Tuesday, April 30, 2013

Purpose + Method

In an email discussion thread on the subject of climate risk and transitioning out of a carbon economy, the conversation turned to the power of stewardship investors to manage the problem of stranded investment as we de-commissioned unburned fossil fuel reserves.

We were reminded of the famous Freshfield's research paper establishing the rules of fiduciary duty for stewardship investors as extending to considerations of environment, society and governance in investing. It was observed that Freshfield's has received more critical acclaim than practical implementation.

There is a reason for this. If we are going to give our stewardship investors an new purpose, we also have to give them new methods with which to achieve that purpose.

Consider, for example, the letter that was sent by the British Academy to Her Majesty the Queen in June 2009. A most remarkable document. In it, the top-ranked economy thinkers and financial policymakers in England responded to the Queen's demand for an explanation as to why they had not seen the financial crisis of 2008 coming. The answer: they did!
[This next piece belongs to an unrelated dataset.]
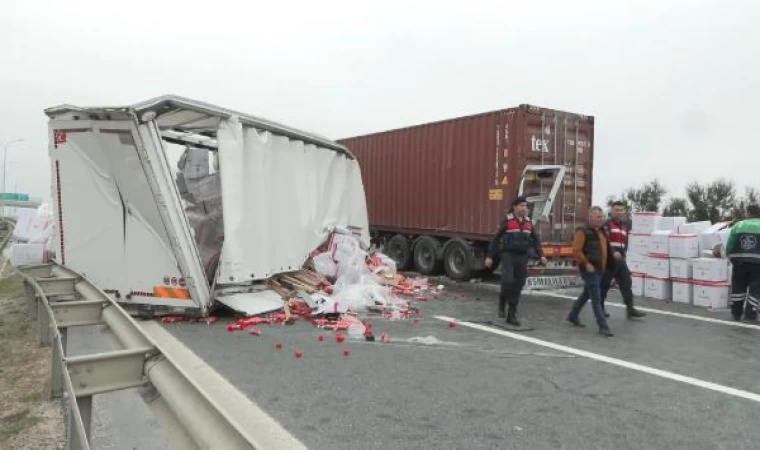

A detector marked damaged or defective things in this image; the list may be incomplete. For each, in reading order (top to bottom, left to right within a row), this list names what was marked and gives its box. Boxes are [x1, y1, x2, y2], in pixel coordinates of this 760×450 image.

overturned white truck trailer [46, 96, 370, 316]
damaged trailer wall [215, 118, 370, 284] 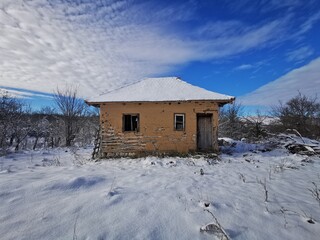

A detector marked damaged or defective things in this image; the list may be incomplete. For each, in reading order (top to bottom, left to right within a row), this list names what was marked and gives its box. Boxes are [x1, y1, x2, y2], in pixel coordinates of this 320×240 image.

broken window [122, 114, 139, 131]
In the letter, they explained that they new the global financial asset pricing markets were in a bubble, but they could not calculate exactly when it would burst or identify exactly what would trigger the collapse. So, other than issuing a few tepid warnings, they did nothing, hoping they would be able to clean up the mess, after the fact.

The point is this. These are money and credit guys. Credit does not start bubbles, although it usually is what causes them to pop. So, we can't expect the credit guys to stop the boom-and-bust. They do not have the right tools.

Same with stewardship investing. We can't expect good stewardship, if we do not have the right tools.